In the material below, find the line with "Photo - 6 Conan" and the line with "Gençlerden minik öğrencilere jest". Output exactly those two lines and all lines between them, leaving out pictures.

**RECORDS FOR THE EXERCISE:**
◆ ◆ ◆ ◆ ◆

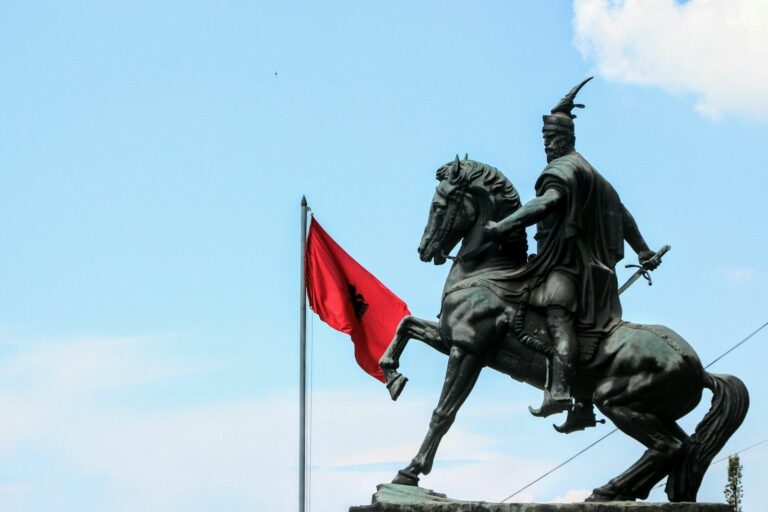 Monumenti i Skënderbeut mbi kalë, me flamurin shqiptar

◆ ◆ ◆ ◆ ◆

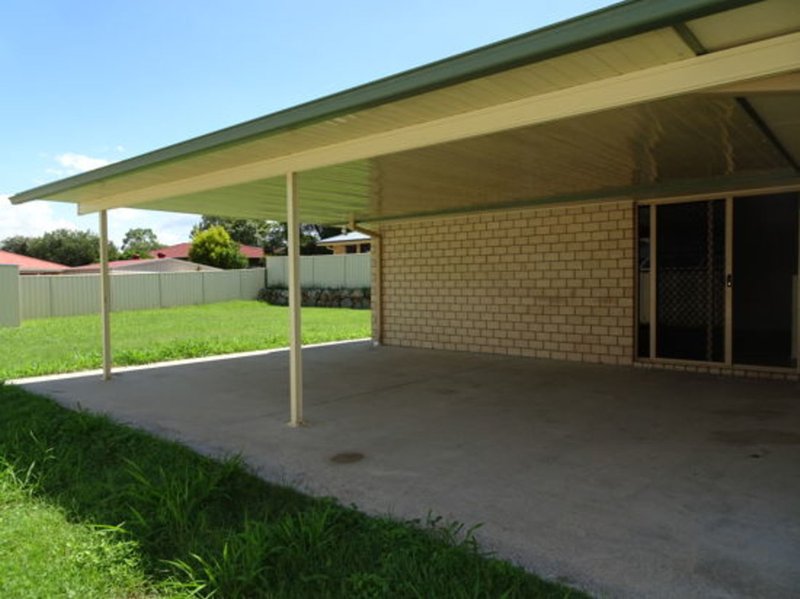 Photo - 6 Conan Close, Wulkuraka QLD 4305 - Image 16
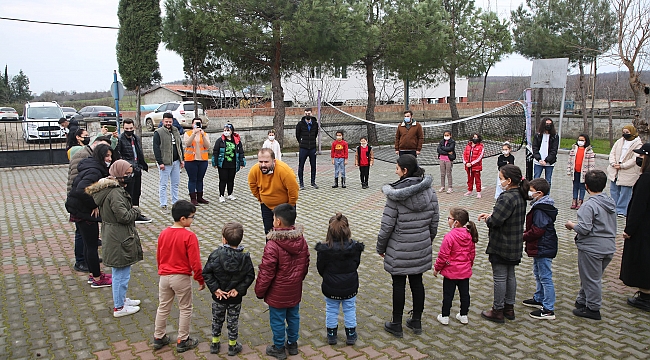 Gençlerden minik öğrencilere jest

◆ ◆ ◆ ◆ ◆

**ANSWER TO THIS TASK:**
 Photo - 6 Conan Close, Wulkuraka QLD 4305 - Image 16
 Gençlerden minik öğrencilere jest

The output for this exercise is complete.